→ **Description of the task**
Could you give the listing again exactly, without its pictures?

→ **Provided material**

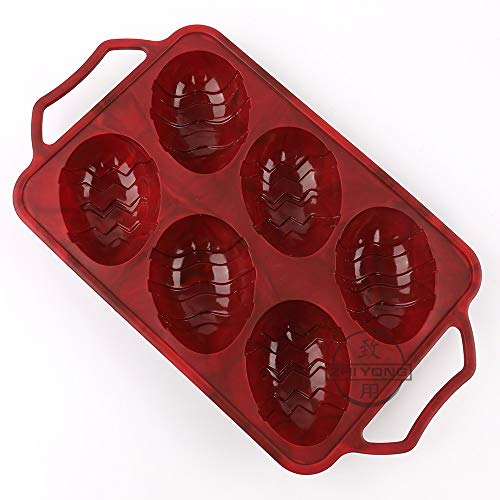 KeepingcooX Silikon Ostern Ei Backform 6 Hohlraum Silikon Osterei Backform - Kuchen Brötchen Cupcake, Muffin Form mit Griffen, Stahlrahmen Anti-Verformung, Antihaft, Top-Qualität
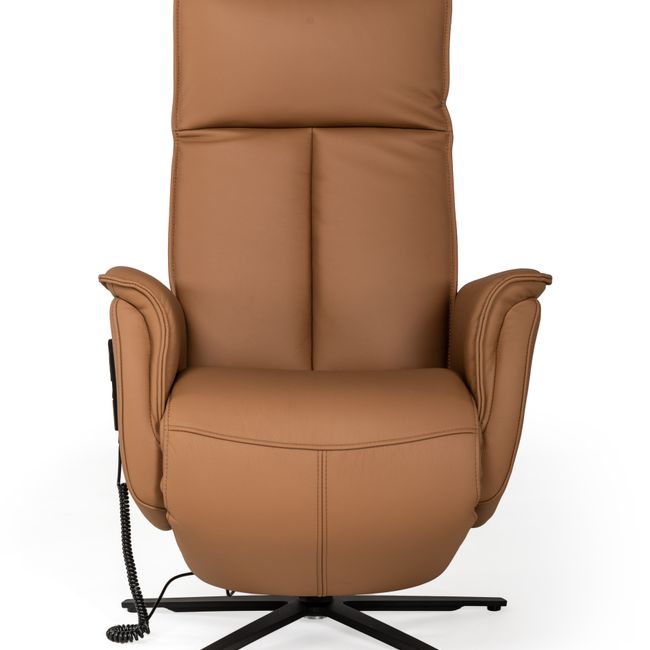Elektrische relaxfauteuil PANDORA - Cognac leder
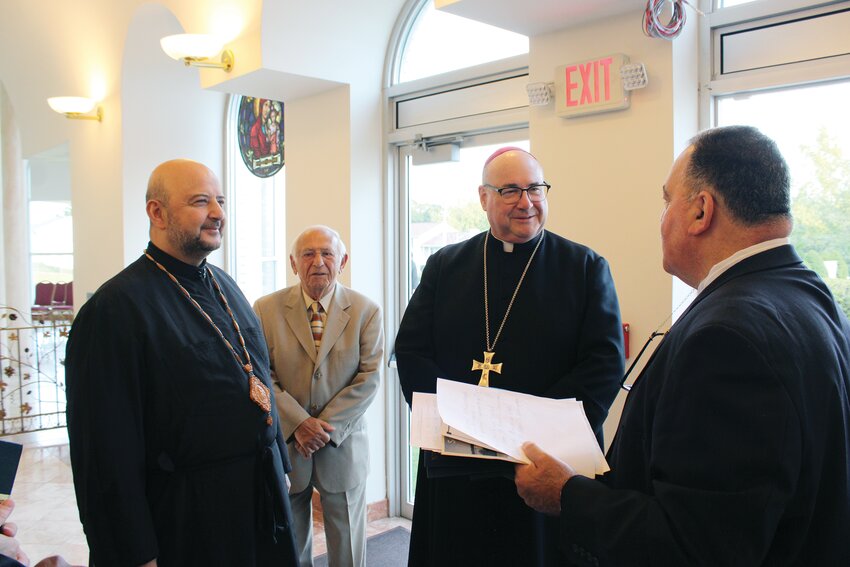 Parishioners and local clergy gather at St. Basil the Great Melkite Greek Catholic Church to welcome Bishop Richard G. Henning, Bishop of Providence (of the Latin Church sui iuris), and Bishop Fran&ccedil;ois Beyrouti, the Melkite Greek Catholic bishop of the eparchy of Newton, Massachusetts.
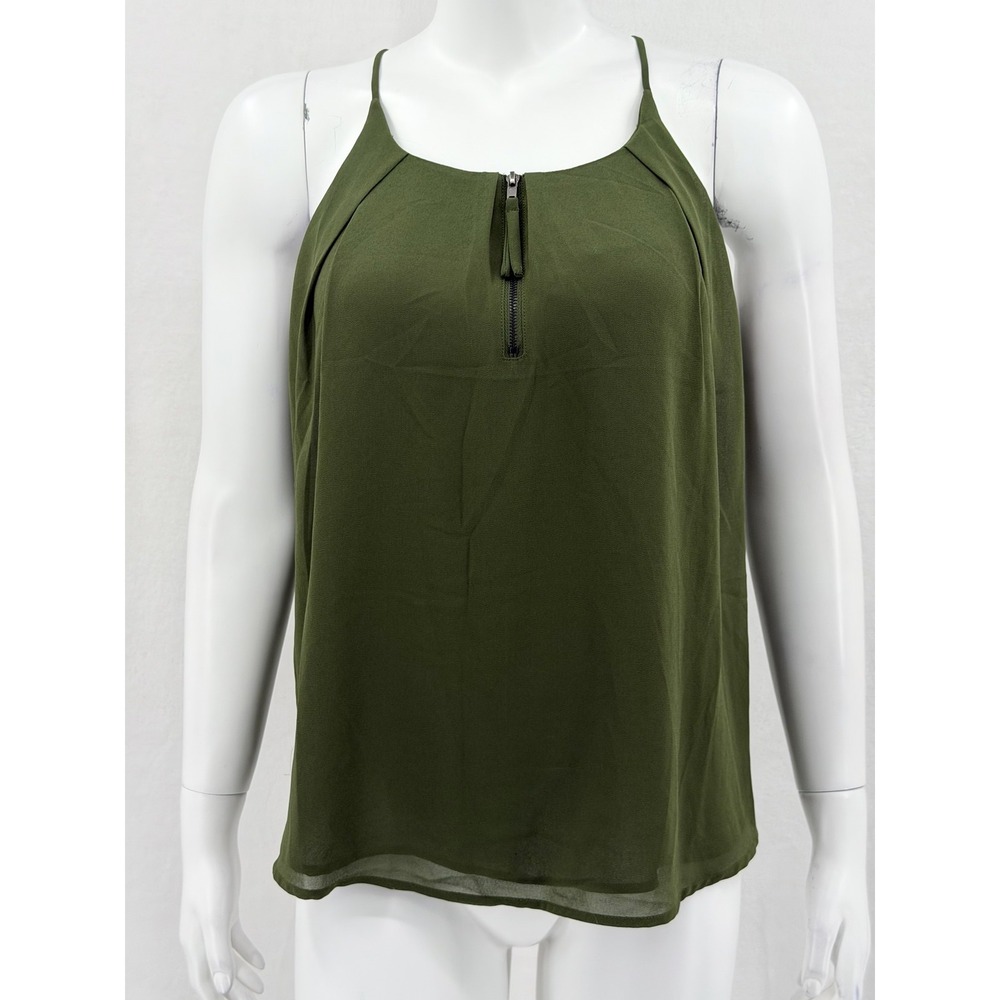 Naked Zebra Top Womens Small Olive Green Cami Zip Sleeveless Summer Casual Boho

→ **Exercise output**
 KeepingcooX Silikon Ostern Ei Backform 6 Hohlraum Silikon Osterei Backform - Kuchen Brötchen Cupcake, Muffin Form mit Griffen, Stahlrahmen Anti-Verformung, Antihaft, Top-Qualität
Elektrische relaxfauteuil PANDORA - Cognac leder
 Parishioners and local clergy gather at St. Basil the Great Melkite Greek Catholic Church to welcome Bishop Richard G. Henning, Bishop of Providence (of the Latin Church sui iuris), and Bishop Fran&ccedil;ois Beyrouti, the Melkite Greek Catholic bishop of the eparchy of Newton, Massachusetts.
 Naked Zebra Top Womens Small Olive Green Cami Zip Sleeveless Summer Casual Boho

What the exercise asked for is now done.